▶ [WORK TO BE COMPLETED]:
A stretch of the entries below is to be set down exactly, running from the line with "Vištienos sultinys su makaronais Žingsnis 5" through the line with "Policisté hledají v", both included, and no other line.

▶ [DATA SECTION]:
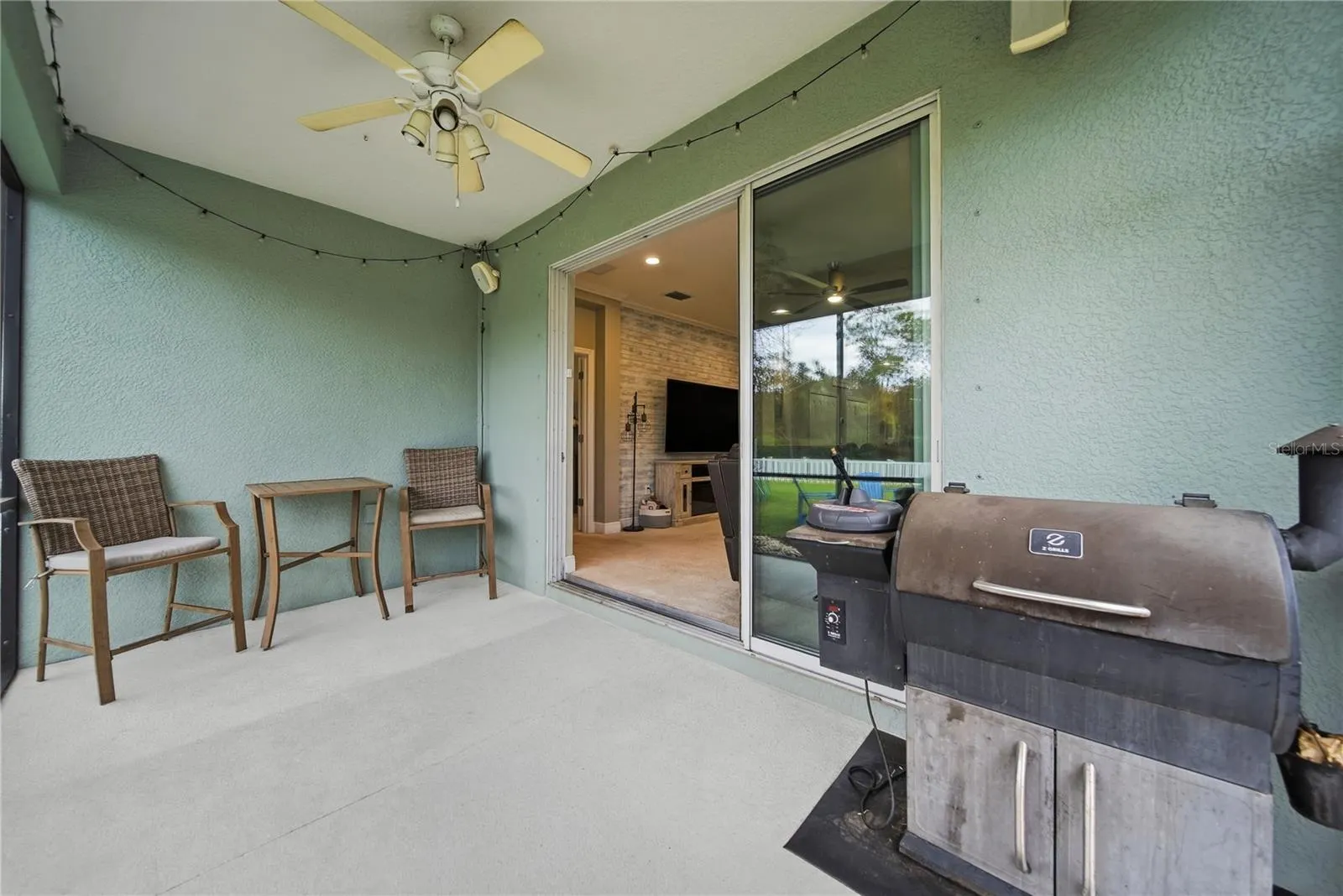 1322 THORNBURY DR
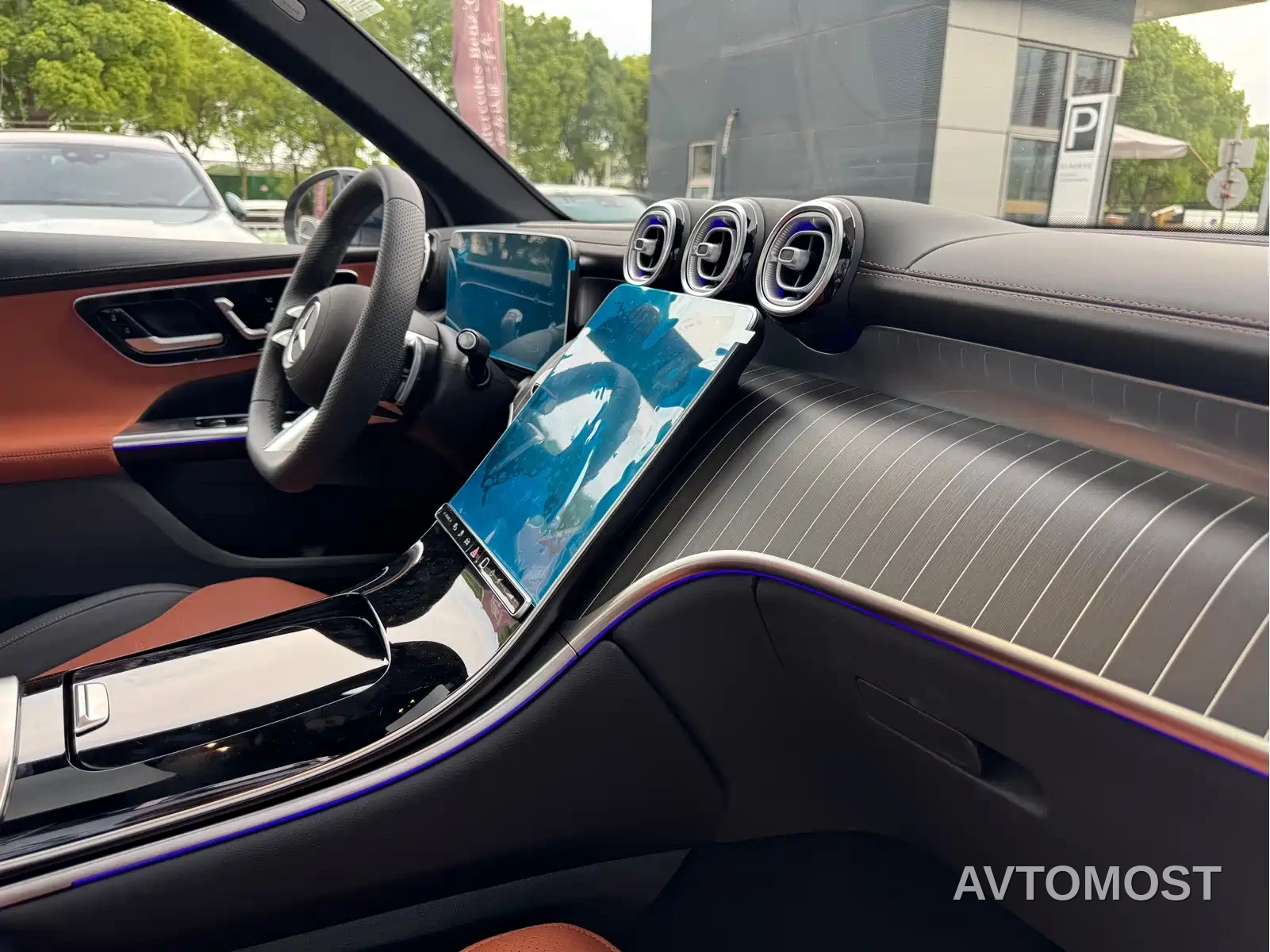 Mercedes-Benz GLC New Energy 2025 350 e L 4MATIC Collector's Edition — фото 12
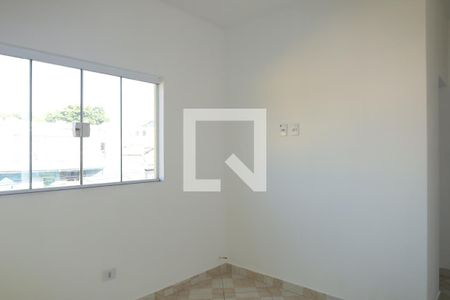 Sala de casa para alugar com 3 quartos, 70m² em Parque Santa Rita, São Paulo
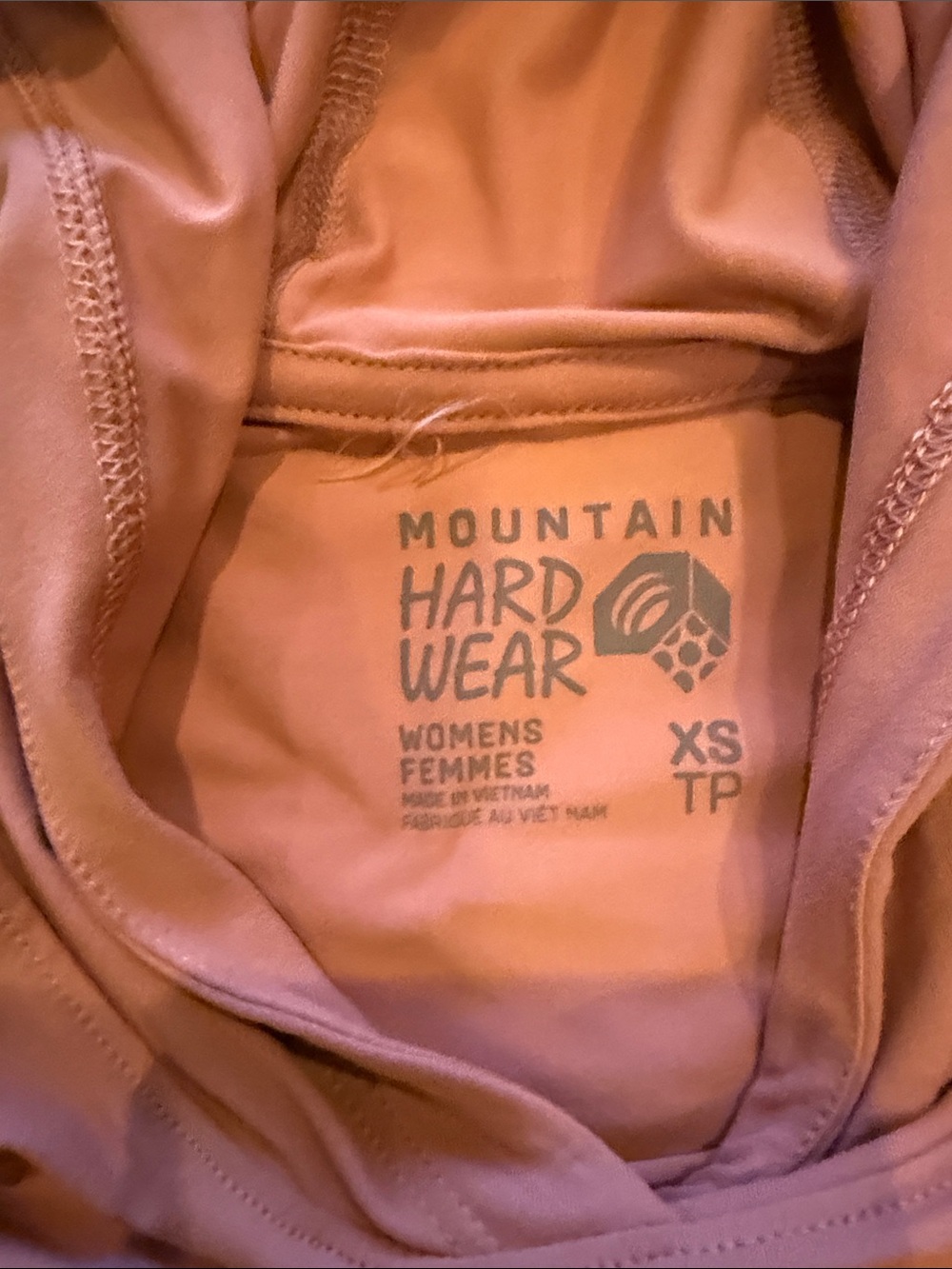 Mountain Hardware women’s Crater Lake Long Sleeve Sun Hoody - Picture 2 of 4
==
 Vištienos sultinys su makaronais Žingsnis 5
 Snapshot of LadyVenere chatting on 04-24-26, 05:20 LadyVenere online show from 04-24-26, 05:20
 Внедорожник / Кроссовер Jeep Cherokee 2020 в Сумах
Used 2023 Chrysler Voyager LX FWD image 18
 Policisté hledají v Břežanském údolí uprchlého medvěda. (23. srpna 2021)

▶ [EXPECTED ANSWER]:
 Vištienos sultinys su makaronais Žingsnis 5
 Snapshot of LadyVenere chatting on 04-24-26, 05:20 LadyVenere online show from 04-24-26, 05:20
 Внедорожник / Кроссовер Jeep Cherokee 2020 в Сумах
Used 2023 Chrysler Voyager LX FWD image 18
 Policisté hledají v Břežanském údolí uprchlého medvěda. (23. srpna 2021)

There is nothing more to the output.